One of the picks* is Eric Nelson, a conservative publisher who did not produce any of the top three best-selling Trump books (that honor belongs to Michael Wolff’s Fire and Fury, Bob Woodward’s Fear, and James Comey’s A Higher Loyalty). Nelson published the top-selling conservative book on Trump, The Russia Hoax: The Illicit Scheme to Clear Hillary Clinton and Frame Donald Trump, by Gregg Jarrett, which sold 400,000 copies in all formats. Another conservative PW pick, Rolf Zettersten, put out Jeanine Pirro’s jeremiad, Liars, Leakers, and Liberals: The Case Against the Anti-Trump Conspiracy, which has sold 350,000 copies since July. And of course we get the three major sellers: Holt’s Steve Rubin, who published Fire and Fury (2.8 million copies across all formats); Simon & Schuster’s Jonathan Karp, who put out Fear (approaching 2 million copies); and a duel entry on Bob Miller and Amy Einhorn, the president and publisher of Flatiron Books, respectively. They published Comey’s A Higher Loyalty, which has sold about a million copies in all formats. Einhorn feels a little tacked on—the only second publisher of the same book—maybe in a gesture toward gender balance. The gesture toward political balance is more explicit. As Milliot explains: “Though all three of this year’s top-selling Trump books were critical of the president, Trump has a loyal base who supported books that defended him and cast doubt on his attackers.”

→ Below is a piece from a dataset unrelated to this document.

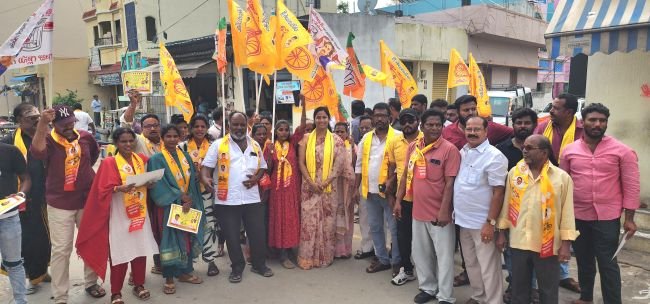 టిడిపిని గెలిపించి అభివృద్ధికి సహకరించండి -57వ డివిజన్ ప్రచారంలో గాలి కావ్య విజ్ఞప్తి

So far, Book Twitter seems less than enchanted by PW’s selections. “Imagine thinking that praising the book The Russia Hoax above all else was a good thing to do right now,” mused fellow Vulture contributor Maris Kreizman. YA Novelist L.L. McKinney was similarly dismayed: “Did @PublishersWkly really just name the publishing people of the year and they’re all white dudes? In 2018?? Please tell me I’m wrong…” There is one white woman on the list, but besides that, L.L., you are not wrong.
PW seems to have made these picks out of a concern for the optics of putting Trump on yet another magazine cover. But the current optics aren’t so great, either. An argument could have been made for an avowedly value-neutral Trump cover, in the tradition of person-of-the-year pioneer Time, whose focus on newsmakers good and bad has resulted in covers featuring Hitler and Stalin. Then again, Time went another way this year, celebrating “the guardians” of journalism in the aftermath of Jamal Khashoggi’s state-sponsored murder. Instead, PW is now being criticized for rewarding cynicism and ignoring the consequences. Well, maybe next year.
*The second paragraph of this story has been updated to reflect reports that Publishers Weekly’s listing of the conservative Trump publishers first was an error. It was corrected hours later to reflect the proper order of the print feature, in which the publishers of the top sellers are listed first, followed by Nelson and Zettersten.